There are three passages in Torah which establish shmitta:
Exodus 23:10-12
Six years you shall sow your land and gather in its yield; but in the seventh you shall let it rest and lie fallow. Let the needy among your people eat of it, and what they leave let the wild beasts eat. You shall do the same with your vineyards and your olive groves. Six days you shall do your work, but on the seventh day you shall cease from labour, in order that your ox and your ass may rest, and that your bondman and the stranger may be refreshed.” The passage is set between the command not to oppress strangers as we too were strangers, and the command to keep shabbat which emphasises the rest of the entire household, servants, strangers and animals alongside the family. Not, I think, a coincidence. The poor and marginalised are the focus, the animals and the ones without land or agency.

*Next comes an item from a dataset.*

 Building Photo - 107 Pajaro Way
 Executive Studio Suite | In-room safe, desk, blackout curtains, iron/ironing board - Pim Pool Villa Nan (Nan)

Then we have Leviticus 25:2-7 :
When you enter into the land that I assign you, the land shall observe a Sabbath of the Eternal. Six years you may sow your field, and six years you may prune your vineyard, and gather in the yield; but in the seventh year, the land shall have a Sabbath of complete rest, a Sabbath of the Eternal God: you shall not sow your field or prune your vineyard. You shall not reap the aftergrowth of your harvest or gather the grapes of your untrimmed vines. It shall be a year of complete rest for the land, but you may eat whatever the land will produce during its Sabbath—you, your male and female slaves, the hired and bound labourers who live with you, and your cattle and the beasts on your land may eat all its yield.
And here the focus is on the wellbeing of the land which has its own needs, its own character to be cared for and recognised. Here people are not the owners or the exploiters of the land, but in a peer relationship with it.
The third passage is from Deuteronomy and adds an extra dimension – the remission of debts.
“Every seventh year, you shall practice remission of debts. This shall be the nature of the remission: every creditor shall remit the due that they claim from their fellow; They shall not exact payment from their fellow or kin, for the remission proclaimed is of the Eternal. You may exact payment from the foreigner, but you must remit whatever is due you from the kinsman…. If, however, there is a needy person among you, one of your kin in any of your settlements in the land that the Eternal your God is giving you, do not harden your heart or shut your hand against your needy kin. Rather, you must open your heart and lend them sufficient for whatever they need. Beware, lest you harbour the base thought, the seventh year, the year of remission is approaching, so that you are mean to your needy kinsman and give them nothing. They will cry out to the Eternal against you, and you will incur guilt. Give to them readily, and have no regrets when you do so, for in turn, the Eternal your God will bless you in all your deeds and all your works. (Deut 15 1-10 redacted)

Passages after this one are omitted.